30 maggio 2023 alle 14:22
André Aciman è uno studioso di Marcel Proust, e si sente. E, con una formazione tale, non può che metterci in guardia sin da subito: questi saggi plasmano e sono plasmati sotto la lente degli irrealis moods. Sono quei tempi verbali che descrivono qualcosa che non è accaduto ma di cui si desidera l’accadimento, anche se non c’è alcuna possibilità di sapere se avverranno davvero. In italiano li rendiamo con il congiuntivo e il condizionale. Infatti, il titolo originale dell’opera è proprio Homo Irrealis. E quello che Aciman mette in atto è un po’ un incrocio fra la rappresentazione del Bacio di Swann e questi modi verbali: attraverso le storie delle personalità toccate dall’arte, cerca di costruire quello che, nella sospensione del desiderio, della vulnerabilità – quello che vorremmo e che non siamo, che desideriamo fermare e non possiamo – attecchisce e si fa racconto del vivere.
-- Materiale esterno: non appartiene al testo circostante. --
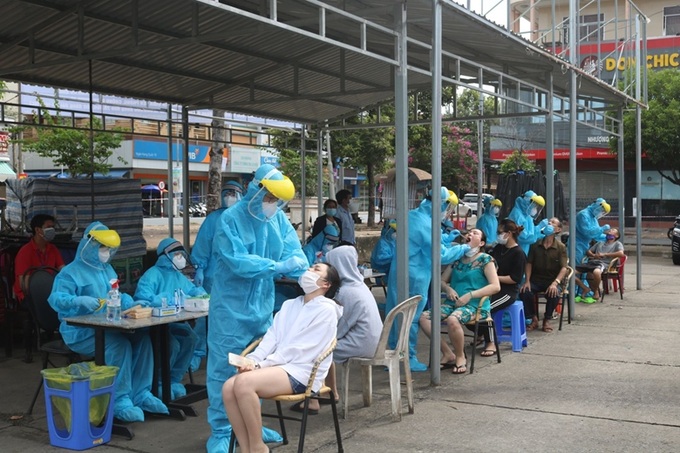 Xét nghiệm Covid-19 cho người dân TP Cần Thơ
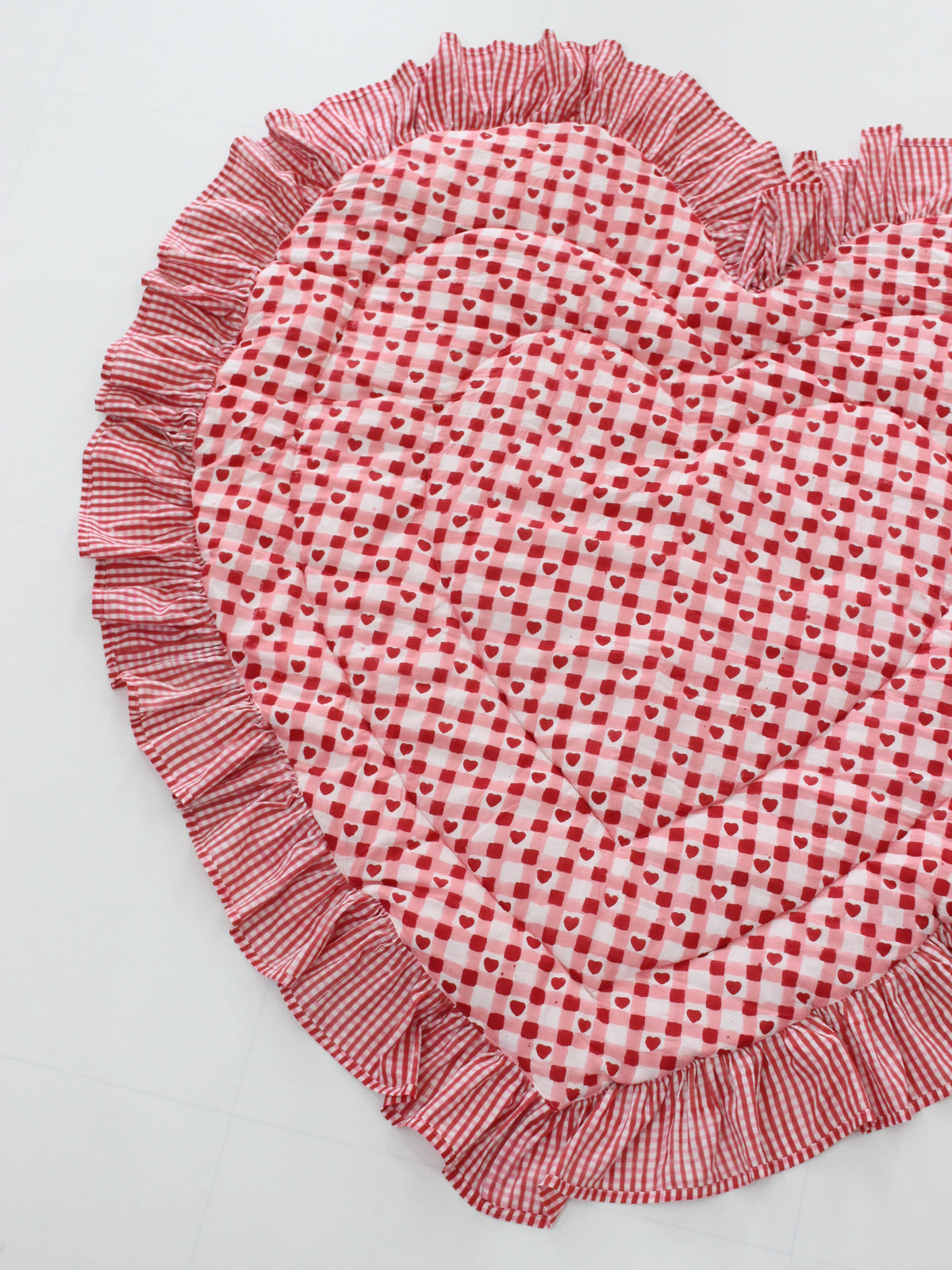 saruche  Heart Frill Mat　Red Heart Checks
È un viaggio all’insegna dello smembramento del tempo, della messa in discussione delle nostalgie che si provano e forse non sono tali, di quello che pensiamo ci descriva, ci avvolga e poi invece è la storia che ci siamo voluti raccontare per essere fuori da un presente, non importa quale, quello che c’è, effettivo e reale, che tutto crea e che tutto confà nell’insofferenza.
Sì, perché queste pagine – che non si possono descrivere, ma da cui bisogna farsi attraversare – ci presentano un conto molto veritiero e lampante: non viviamo mai il momento. Per quanto ci raccontiamo di essere nell’hic et nunc, in realtà non ci siamo mai. Siamo sempre in un irrealis mood, nella fierezza sconfitta del nostro essere uomini irreali, sempre vibranti in un’essenza che non rispecchia quello che viviamo adesso.
Esisto e desidero. E nel momento esatto in cui desidero ho paura di quel desiderio e traspongo la mia essenza altrove. Nel passato, nel futuro, un posto-tempo sicuro in cui rifugiarsi, in cui la realtà e concretezza del mio stare non prendano una forma definitiva.
Davvero questo libro dice questo? Dice questo a me. Sì, perché la forma più portentosa del Bacio di Swann è che parla diversamente a chiunque legga. Ognuno trova le sue forme o scappa via, come nel mio caso, davanti a quest’irrequietezza seminata. Allora, i personaggi che si incontrano, che siano Freud, Monet, Kavafis, Hopper, l’illuminante e prezioso Pessoa, non sono che pezzi di un puzzle – cose che avremmo voluto capire e forse sapevamo, ma da cui scappiamo, in preda alla nostra ineluttabile nostalgia.
Ché forse siamo questo: frutti acerbi di cose che avremmo voluto vivere, la convinzione che esse ci avrebbero cambiate, resi diversi. Questo siamo, sì, la certezza mancata di quello che avremmo potuto essere con altre scelte, con le nostalgiche convinzioni in cui ci culliamo – quello che non è e mai sarà. Eccoci, figli di quello che non capita e che – convinti – crediamo avrebbe cambiato tutto. Viviamo lì dentro: nei tempi sospesi, nelle certezze irreali, nei baci di Swann.